Es hora pico en el metro de Medellín. Intercambiamos risas nerviosas mientras el vagón se va llenando a empujones y se acerca nuestra estación destino. En la otra puerta un grupo joven hace chistes, ríen fuerte, parece que hacen un performance para todos los que vamos en el tren. No alcanzo a verlos pero los escucho cerca.
Nos bajaremos en la próxima estación y nos invade el miedo a quedar atrapados entre cuerpos igual de temerosos. Logramos salir, sonreímos triunfantes, la tarde está bonita, aliviada, húmeda. Paro en el primer puesto de libros que veo, converso con un librero sobre la escritora que tengo en las manos. Compro el libro, me gusta caminar mientras lo llevo entre un brazo y el pecho.
Entramos al museo, en la postal de la exhibición que se inaugura ese mismo día veo a un santo de mi país. La foto de un doctor que murió atropellado y al que le adjudican milagros. Caminar entre obras de arte es como leer varios libros a la vez, mirar cuerpos semidesnudos en la playa, un menú con hambre, un mapa en la carretera.

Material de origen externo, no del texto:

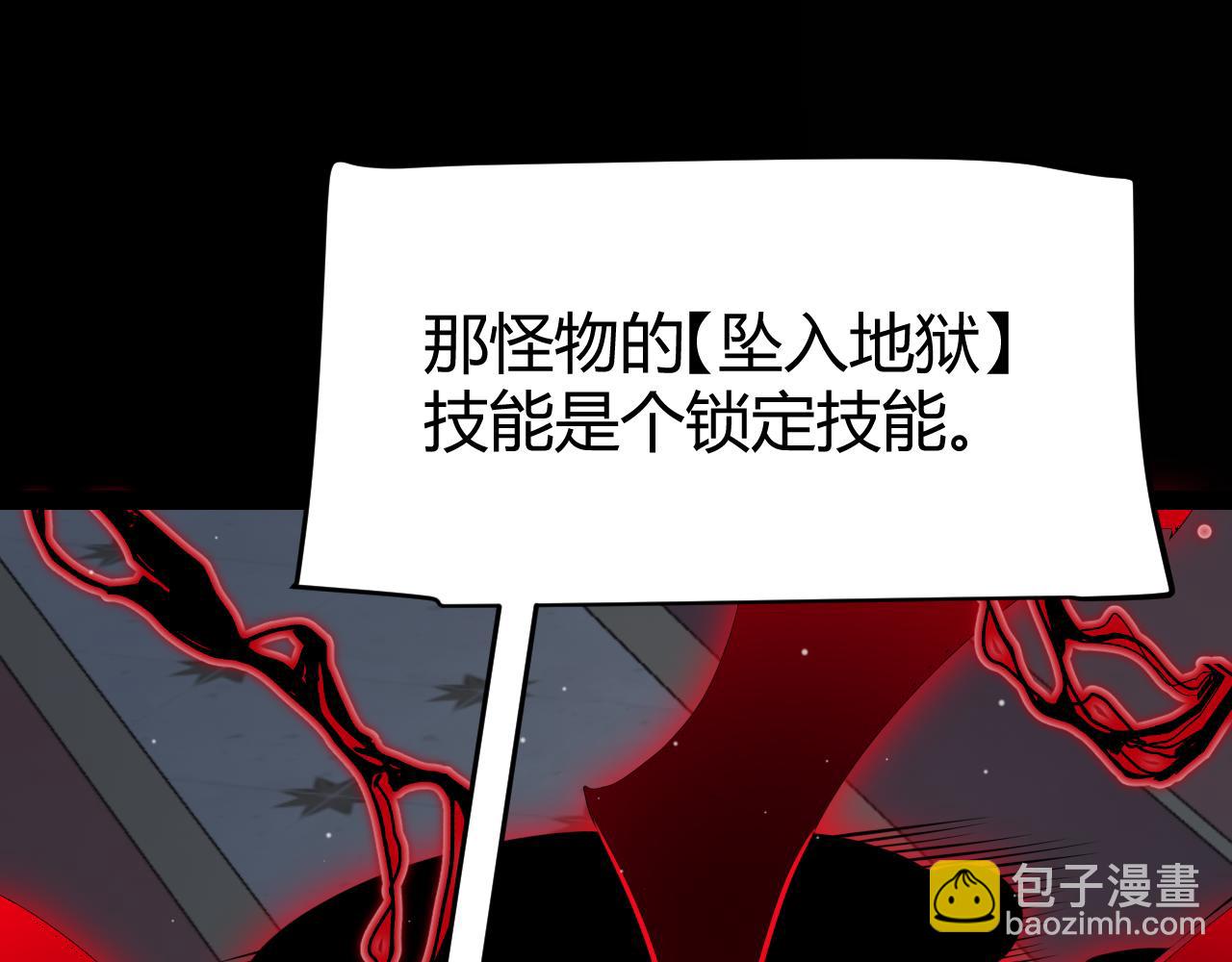 第285话 回归的天娜！(1/4)-第286话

Una obra de hilos de leche me arrincona, recorro la esquina dando pasos cortos, algo me conmueve, me resulta familiar. No sé qué es, me voy. Hay arte comestible, obras que no son, intentos de ideas, el antes y el después de alguna intención. Una extraña sensación de estar en casa, rodeada de desconocidos que parecen estar buscando algo que yo también.
No lo pienso mucho, sigo caminando deseando que la sensación se quede conmigo. Salimos del museo y la noche está fresca. La plazoleta se mueve, se escucha, se huele. Chocamos las botellas de vino, proyectan una película a cielo abierto. Vuelvo a conmoverme, una canción suena a mi casa, miro a N con asombro y compartimos el regalo. Brindamos de nuevo y empieza a llover poquito, suave, apenas. Nos sentamos bajo un árbol, reímos y compartimos pensamientos aleatorios.

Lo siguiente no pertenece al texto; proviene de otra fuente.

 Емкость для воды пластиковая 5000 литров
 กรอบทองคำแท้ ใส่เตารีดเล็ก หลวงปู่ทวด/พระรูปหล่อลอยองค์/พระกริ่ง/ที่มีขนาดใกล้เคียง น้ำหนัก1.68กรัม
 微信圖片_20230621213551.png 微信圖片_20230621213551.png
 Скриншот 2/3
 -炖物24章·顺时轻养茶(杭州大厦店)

Deja de llover y nos mudamos, seguimos riendo, le pido que me grabe siendo lo que soy desde hace 11 años aunque no lo practique a diario. Lo hago, triunfante, satisfecha, contenta. Las botellas se vacían, tenemos una cada uno, N me dice que el vino lo pone poético y suelto una carcajada.

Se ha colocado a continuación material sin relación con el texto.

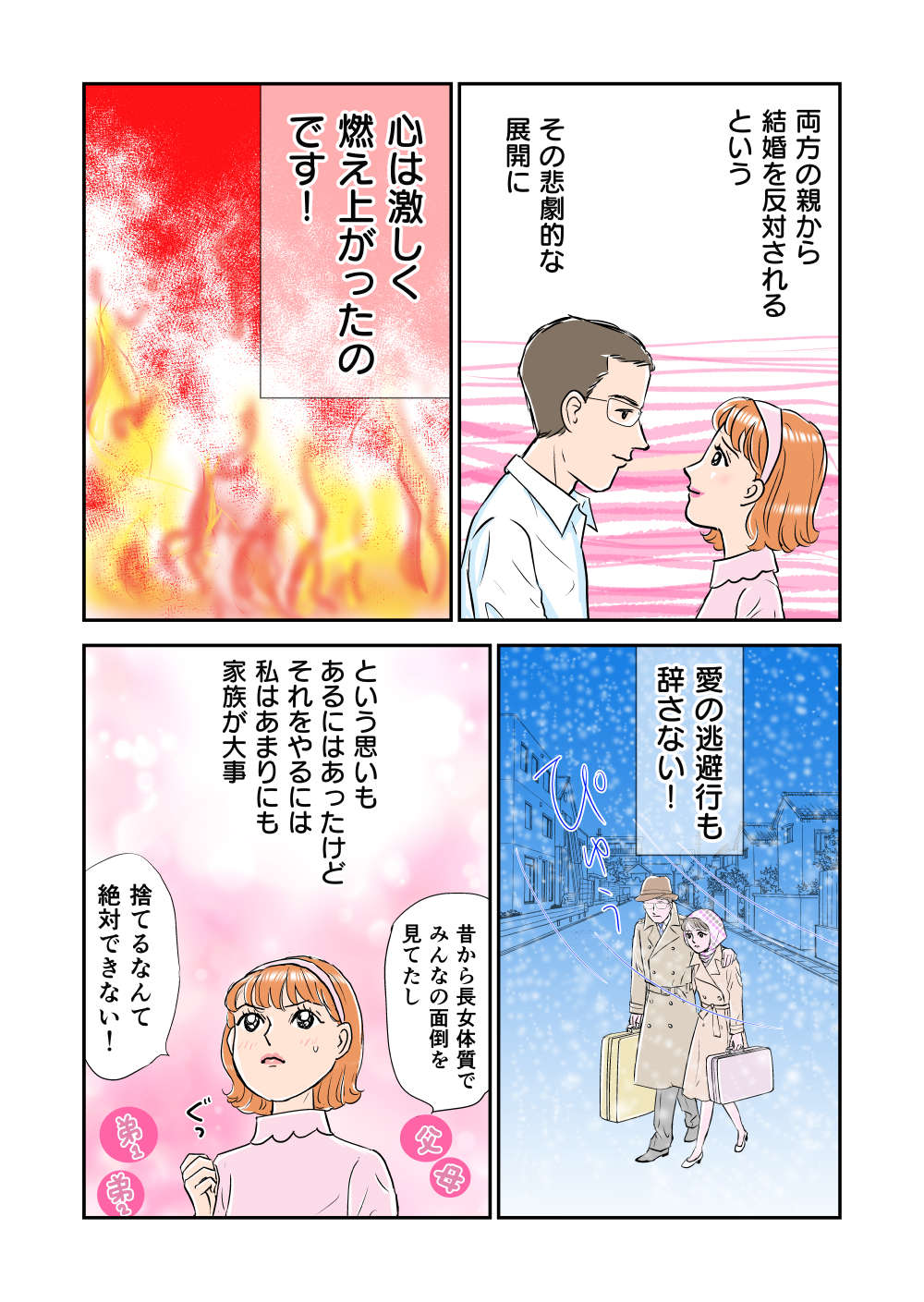 彼の実家訪問は「地獄」の始まり...結婚に反対する義母の冷たい視線／義母クエスト 義母クエスト3話_009.jpg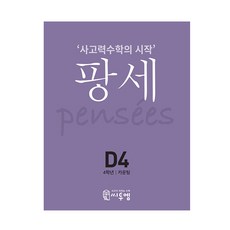 2021 PENSEE： 思考力數學的開始, C2M, D-4, 小學4年級/D4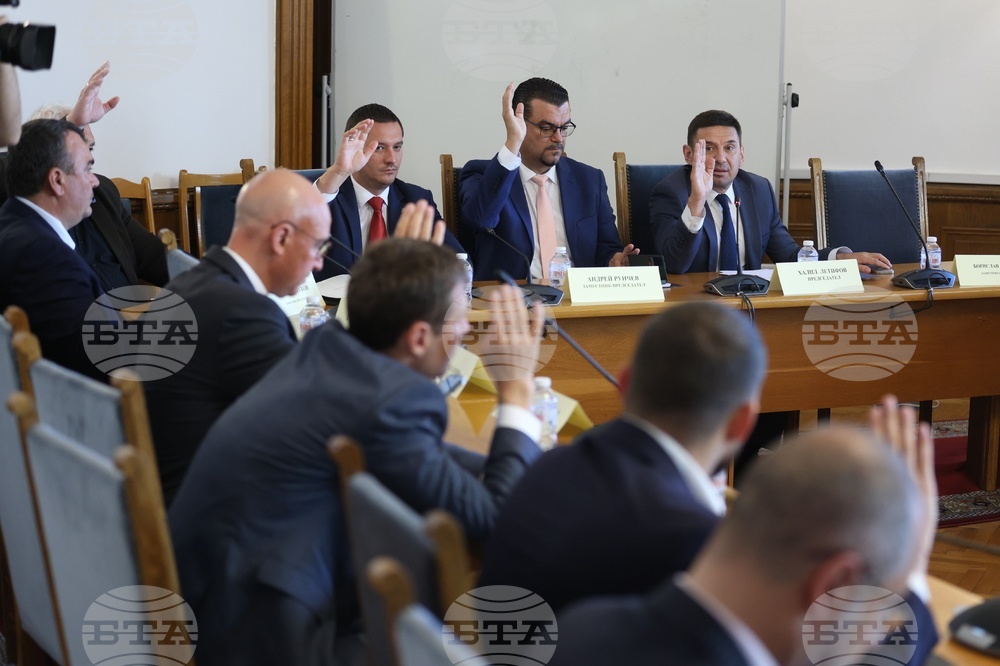 Народно събрание - Комисия по транспорт и съобщения - заседание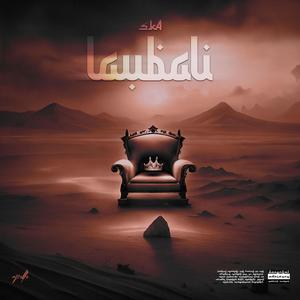 laubali (Explicit)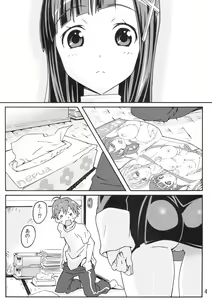 Page 3 of Sakuran Boy ~ Kamisama no Imouto-hen - preview thumbnail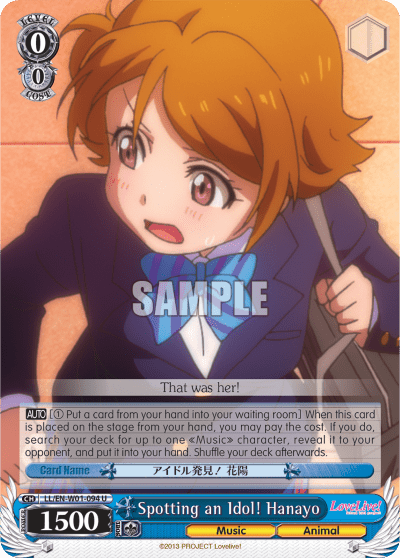 Spotting an Idol! Hanayo (LL/EN-W01-094) — Love Live! DX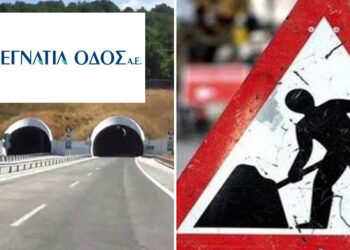 Κλείνει για 6 μήνες η Εγνατία ( ; ) και ανοίγουν την… Κατάρα; – Αναστάτωση σε 3 Περιφέρειες από έγγραφο στις Υπηρεσίες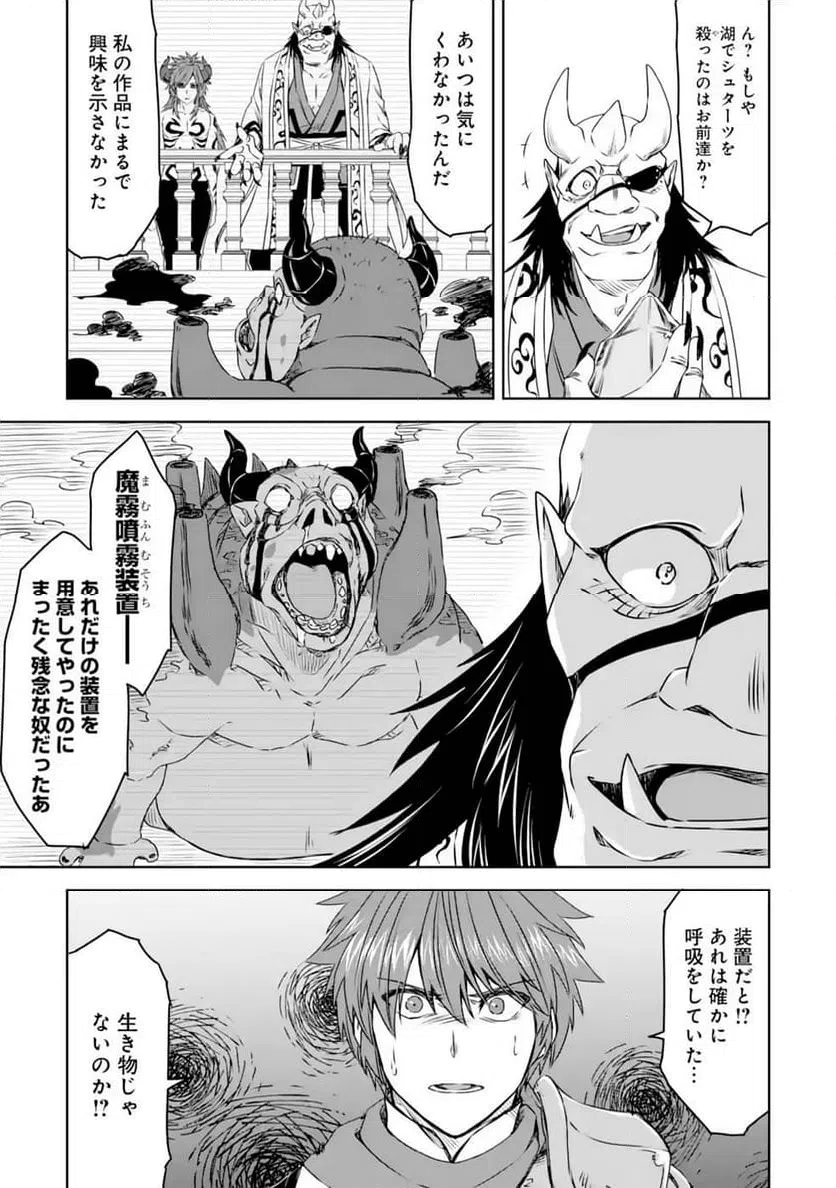 ページ 17 — 第14話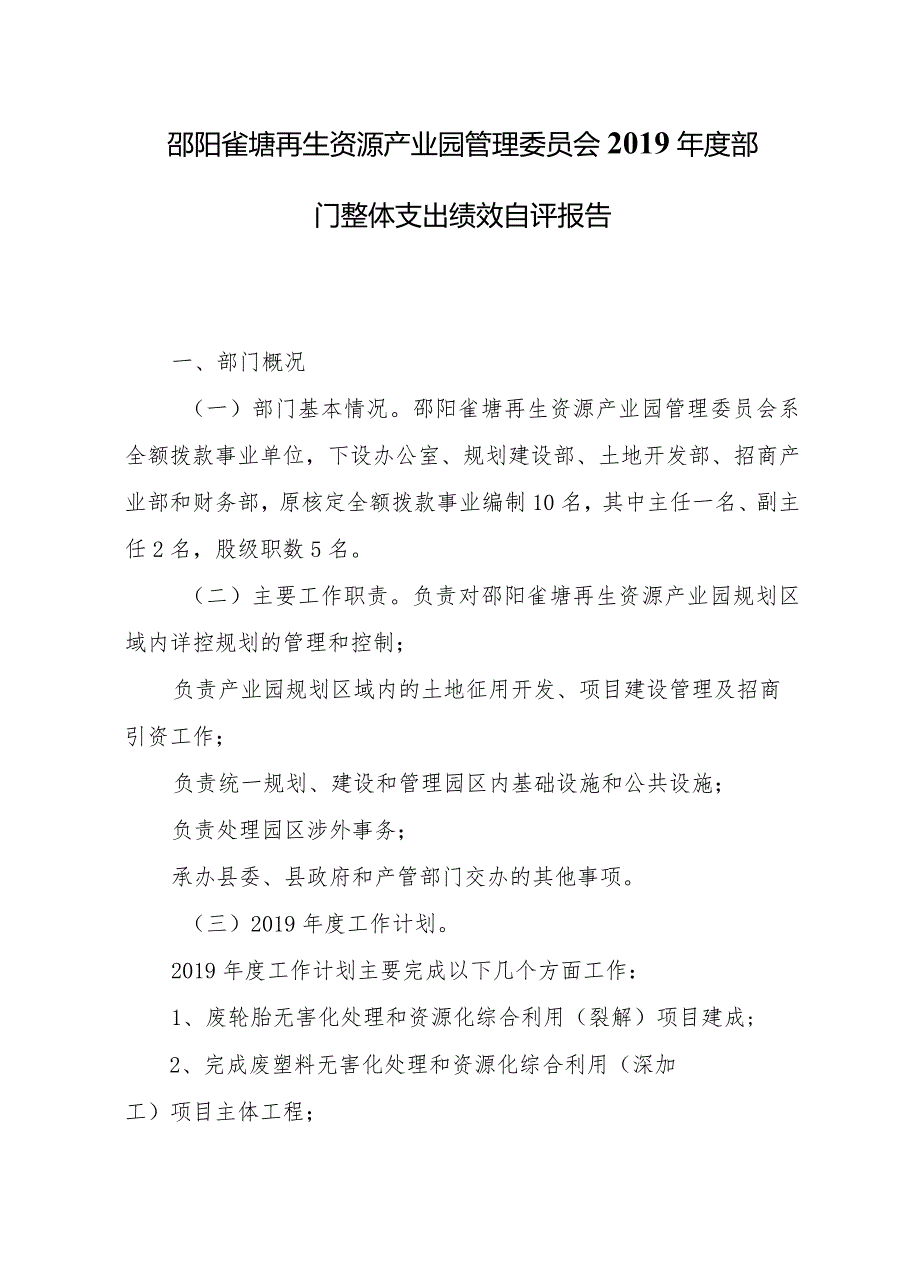 邵阳雀塘再生资源产业园管理委员会2019年度部门整体支出绩效自评报告.docx_第1页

Le quito el envoltorio al libro nuevo, lo abro en una página al azar y le doy un mensaje del universo de las letras. Hablan de Europa. Él hace lo propio, el mensaje es salado y lo tomo con seriedad, lo reconozco como la invitación a volver al mar. Una parte de mí siente que está allí, en una playa que es punto de partida y de llegada. Siento que nunca he estado realmente sola, me abrazo a la idea de una vida repleta, inmensa en sus límites sin importancia. Esto es la vida, pienso. Y la disfruto antes que se me olvide.